◆ **What is needed**: Using the records below, filter for lines that contain the string "Context" and copy them out.
***
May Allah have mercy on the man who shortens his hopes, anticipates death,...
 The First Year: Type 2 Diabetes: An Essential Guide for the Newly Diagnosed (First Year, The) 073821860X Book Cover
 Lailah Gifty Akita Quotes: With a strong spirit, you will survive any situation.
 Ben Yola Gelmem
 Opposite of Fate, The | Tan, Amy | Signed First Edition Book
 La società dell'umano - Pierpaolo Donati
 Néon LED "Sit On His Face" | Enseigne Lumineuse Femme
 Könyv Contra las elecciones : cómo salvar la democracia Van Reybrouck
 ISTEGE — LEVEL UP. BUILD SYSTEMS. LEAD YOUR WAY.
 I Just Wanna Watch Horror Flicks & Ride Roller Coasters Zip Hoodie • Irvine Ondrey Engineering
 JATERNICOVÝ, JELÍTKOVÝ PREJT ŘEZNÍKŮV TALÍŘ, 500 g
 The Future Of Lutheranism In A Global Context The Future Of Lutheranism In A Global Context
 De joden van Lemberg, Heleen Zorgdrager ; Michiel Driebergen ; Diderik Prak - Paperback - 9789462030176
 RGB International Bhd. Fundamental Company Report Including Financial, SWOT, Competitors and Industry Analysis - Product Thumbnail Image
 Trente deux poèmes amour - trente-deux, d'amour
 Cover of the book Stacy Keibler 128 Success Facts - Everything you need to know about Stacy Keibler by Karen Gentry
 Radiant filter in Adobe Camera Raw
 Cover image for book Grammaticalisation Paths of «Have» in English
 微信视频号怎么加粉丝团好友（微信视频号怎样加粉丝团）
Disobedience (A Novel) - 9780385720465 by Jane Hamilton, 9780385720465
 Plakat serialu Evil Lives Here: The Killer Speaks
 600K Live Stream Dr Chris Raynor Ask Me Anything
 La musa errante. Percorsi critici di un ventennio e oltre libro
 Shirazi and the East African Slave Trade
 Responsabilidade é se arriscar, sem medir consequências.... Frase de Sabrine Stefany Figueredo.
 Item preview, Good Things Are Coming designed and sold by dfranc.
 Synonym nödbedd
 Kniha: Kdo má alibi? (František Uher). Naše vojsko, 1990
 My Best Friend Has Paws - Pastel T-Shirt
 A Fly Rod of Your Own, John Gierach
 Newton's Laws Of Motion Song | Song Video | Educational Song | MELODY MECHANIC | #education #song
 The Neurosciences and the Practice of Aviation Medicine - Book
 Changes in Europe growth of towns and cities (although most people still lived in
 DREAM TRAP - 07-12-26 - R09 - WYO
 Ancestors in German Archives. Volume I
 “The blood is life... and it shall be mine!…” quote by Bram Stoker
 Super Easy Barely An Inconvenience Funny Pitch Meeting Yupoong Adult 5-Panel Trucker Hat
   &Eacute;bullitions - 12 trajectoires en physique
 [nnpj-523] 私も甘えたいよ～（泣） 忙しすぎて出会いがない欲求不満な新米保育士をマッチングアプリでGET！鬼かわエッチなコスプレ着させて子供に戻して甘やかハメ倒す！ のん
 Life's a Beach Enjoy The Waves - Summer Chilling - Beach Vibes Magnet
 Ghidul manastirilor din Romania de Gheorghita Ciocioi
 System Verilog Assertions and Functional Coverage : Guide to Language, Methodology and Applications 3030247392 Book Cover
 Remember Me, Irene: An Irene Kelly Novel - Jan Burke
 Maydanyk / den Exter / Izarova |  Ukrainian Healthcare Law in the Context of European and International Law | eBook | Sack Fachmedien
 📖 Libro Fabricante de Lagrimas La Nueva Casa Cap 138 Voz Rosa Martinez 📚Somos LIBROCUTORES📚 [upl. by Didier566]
***
◆ **Task result**:
 The Future Of Lutheranism In A Global Context The Future Of Lutheranism In A Global Context
 Maydanyk / den Exter / Izarova |  Ukrainian Healthcare Law in the Context of European and International Law | eBook | Sack Fachmedien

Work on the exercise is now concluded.